Crain’s New York Business interviewed Aidan in a piece on the lawsuits over congestion pricing.
“Aidan Mackenzie, an infrastructure fellow at the Institute for Progress, a Washington-based, non-partisan think tank, said lawsuits as a result of NEPA have become a ‘shadow over the whole process.’ Mackenzie said that such lawsuits can be born out of genuine concern over a project’s impact but may sometimes be employed for a sort of political theater… ‘The review for congestion pricing is already considerably longer than the average,’ he said, noting that it exceeds what’s required of the more exhaustive review the state is seeking. ‘So, are they really saying that they would have been fine with it if it was 5,000 pages or 6,000 pages?
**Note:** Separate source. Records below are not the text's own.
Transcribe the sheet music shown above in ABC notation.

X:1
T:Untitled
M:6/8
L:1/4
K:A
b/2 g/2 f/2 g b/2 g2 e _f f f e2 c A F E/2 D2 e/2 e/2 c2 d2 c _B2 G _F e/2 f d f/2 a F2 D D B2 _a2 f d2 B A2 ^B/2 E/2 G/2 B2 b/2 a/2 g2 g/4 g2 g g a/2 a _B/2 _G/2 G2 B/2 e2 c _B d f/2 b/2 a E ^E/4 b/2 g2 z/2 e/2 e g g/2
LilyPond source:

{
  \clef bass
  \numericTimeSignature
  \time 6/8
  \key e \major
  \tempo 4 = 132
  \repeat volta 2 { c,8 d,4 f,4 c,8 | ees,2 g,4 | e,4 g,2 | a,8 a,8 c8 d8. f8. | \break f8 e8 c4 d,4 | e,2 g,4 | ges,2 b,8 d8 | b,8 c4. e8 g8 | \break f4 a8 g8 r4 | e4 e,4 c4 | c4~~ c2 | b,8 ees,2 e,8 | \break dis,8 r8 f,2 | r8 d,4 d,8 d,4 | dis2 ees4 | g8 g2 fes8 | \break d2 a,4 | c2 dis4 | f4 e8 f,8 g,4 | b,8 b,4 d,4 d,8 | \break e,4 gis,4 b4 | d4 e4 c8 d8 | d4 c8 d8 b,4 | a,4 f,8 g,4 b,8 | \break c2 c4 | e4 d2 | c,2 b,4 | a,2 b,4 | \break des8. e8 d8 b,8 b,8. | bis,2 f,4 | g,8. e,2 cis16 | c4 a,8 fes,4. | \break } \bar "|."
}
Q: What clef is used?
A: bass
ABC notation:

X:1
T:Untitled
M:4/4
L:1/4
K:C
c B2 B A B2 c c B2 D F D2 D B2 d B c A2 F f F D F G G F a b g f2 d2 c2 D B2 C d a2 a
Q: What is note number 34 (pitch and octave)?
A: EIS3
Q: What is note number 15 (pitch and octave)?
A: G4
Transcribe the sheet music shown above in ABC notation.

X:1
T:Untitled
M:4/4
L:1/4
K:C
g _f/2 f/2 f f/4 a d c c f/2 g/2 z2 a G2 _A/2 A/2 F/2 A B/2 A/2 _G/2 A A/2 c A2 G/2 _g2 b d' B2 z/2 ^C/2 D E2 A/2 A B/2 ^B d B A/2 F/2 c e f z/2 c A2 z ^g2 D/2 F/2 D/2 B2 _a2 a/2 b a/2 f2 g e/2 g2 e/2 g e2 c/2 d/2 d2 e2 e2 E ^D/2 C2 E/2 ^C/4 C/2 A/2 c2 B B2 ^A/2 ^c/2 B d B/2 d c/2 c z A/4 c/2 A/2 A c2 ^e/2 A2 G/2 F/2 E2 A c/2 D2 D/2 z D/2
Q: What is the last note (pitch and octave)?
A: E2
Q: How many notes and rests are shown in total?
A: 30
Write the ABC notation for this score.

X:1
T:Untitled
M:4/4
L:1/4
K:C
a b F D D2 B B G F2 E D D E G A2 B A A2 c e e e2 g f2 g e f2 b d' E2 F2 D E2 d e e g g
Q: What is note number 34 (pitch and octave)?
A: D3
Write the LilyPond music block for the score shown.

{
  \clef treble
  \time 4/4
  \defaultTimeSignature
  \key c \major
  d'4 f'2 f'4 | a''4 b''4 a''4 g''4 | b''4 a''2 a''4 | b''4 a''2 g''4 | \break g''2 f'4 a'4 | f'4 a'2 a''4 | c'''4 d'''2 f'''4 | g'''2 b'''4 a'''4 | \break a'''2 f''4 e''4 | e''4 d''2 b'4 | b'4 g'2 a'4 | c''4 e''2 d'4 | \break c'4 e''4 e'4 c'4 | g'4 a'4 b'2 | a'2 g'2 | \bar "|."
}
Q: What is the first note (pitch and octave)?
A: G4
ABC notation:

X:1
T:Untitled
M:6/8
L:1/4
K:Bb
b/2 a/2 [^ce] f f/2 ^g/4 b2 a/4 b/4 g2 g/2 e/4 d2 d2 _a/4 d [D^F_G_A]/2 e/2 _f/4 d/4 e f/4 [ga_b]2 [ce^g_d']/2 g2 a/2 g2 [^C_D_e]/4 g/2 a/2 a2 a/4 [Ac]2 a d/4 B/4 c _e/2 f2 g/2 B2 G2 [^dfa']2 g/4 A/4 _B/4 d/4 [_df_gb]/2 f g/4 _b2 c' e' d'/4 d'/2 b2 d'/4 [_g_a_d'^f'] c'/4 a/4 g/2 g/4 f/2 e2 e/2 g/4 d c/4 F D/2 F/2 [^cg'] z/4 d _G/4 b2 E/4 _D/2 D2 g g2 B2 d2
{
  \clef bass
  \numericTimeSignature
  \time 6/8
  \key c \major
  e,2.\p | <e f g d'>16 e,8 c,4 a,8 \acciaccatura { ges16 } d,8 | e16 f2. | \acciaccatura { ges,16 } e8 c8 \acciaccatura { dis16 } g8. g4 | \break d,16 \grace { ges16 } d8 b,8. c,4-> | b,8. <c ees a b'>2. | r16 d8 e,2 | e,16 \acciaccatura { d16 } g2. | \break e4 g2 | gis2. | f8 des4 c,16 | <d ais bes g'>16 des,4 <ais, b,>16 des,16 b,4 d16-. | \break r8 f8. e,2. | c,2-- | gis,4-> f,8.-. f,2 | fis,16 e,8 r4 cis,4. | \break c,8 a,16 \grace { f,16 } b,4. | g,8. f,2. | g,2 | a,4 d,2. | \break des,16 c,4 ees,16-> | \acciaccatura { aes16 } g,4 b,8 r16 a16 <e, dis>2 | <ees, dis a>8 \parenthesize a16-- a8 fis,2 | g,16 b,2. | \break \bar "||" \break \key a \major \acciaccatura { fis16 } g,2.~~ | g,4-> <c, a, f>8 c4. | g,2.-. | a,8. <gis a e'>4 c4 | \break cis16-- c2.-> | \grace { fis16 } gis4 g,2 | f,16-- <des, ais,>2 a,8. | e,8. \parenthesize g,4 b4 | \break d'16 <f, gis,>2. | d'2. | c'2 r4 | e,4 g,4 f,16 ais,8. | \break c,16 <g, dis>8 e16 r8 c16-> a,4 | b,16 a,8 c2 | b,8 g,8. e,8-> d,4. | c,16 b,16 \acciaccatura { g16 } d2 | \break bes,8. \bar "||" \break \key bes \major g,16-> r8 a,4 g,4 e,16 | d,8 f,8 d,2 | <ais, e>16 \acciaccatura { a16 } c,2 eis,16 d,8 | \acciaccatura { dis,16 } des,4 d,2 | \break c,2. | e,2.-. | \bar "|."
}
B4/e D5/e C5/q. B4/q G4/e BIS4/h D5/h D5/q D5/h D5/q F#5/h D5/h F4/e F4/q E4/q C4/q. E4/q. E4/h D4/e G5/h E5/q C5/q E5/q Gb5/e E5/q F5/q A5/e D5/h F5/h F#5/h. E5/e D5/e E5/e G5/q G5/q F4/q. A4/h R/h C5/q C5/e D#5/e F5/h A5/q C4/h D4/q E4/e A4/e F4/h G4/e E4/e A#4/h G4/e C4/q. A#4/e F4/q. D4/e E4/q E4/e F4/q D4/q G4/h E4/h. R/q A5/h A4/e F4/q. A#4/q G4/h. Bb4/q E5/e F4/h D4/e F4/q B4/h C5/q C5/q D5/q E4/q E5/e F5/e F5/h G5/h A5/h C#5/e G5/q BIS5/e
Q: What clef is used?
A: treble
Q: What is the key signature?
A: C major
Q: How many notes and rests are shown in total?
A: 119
I really doubt it.’”
Vox cited work from Aidan on the future of geothermal.
“Geothermal drilling, unlike some oil and gas projects, is subject to challenge under the National Environmental Policy Act (NEPA), which can lead to years-long regulatory delays in getting projects off the ground. (Yes, you’ve read that right — it’s legally easier to permit an oil or gas well that will add further greenhouse gasses to the atmosphere than it is to drill geothermal wells that can provide near-zero-carbon electricity.)”
The World quoted Senior Immigration Fellow Jeremy Neufeld on visa waiver times.
“‘Wait times for visas across the board have exploded, partially because of COVID,” Neufeld said. ‘But they were also increasing before COVID-19.’ ... To make matters worse, Neufeld said, the US is lagging in its adoption of technology. ‘Our processing system is based on paper records, it's based on in-person interviews,’ he explained. ‘Our peer countries — Canada, the UK, Australia — have started to increase their experimentation with digital technology.’”
Heatmap used analysis from Brian to explain why building nuclear plants costs so much.
The vast majority of the costs of nuclear power come from the expense of building its generators, according to an analysis by Brian Potter.
The Bulletin wrote up a congressional staff delegation trip to the Bay Area led by Biosecurity Fellow Arielle D’Souza.
“The field trips were part of programs run by Stanford University and the Institute for Progress that bring policy makers — like these congressional staffers — to labs and university campuses and immerse them in the biosecurity issues they need to understand if they are to develop effective policy about, for instance, identifying when research has the possibility to make pathogens dangerous, or the development of US biomanufacturing and efforts to expand the resilience of our medical supply chain.”
Science|Business referenced Biosecurity Fellow Juan Cambeiro’s work on AI risks in biology.
“AI tools could have allowed Iraq to overcome the lack of technical expertise that limited its biological weapons programme, warns the Institute for Progress, a Washington DC based think tank, in a recent submission to help shape the US’s national AI strategy.”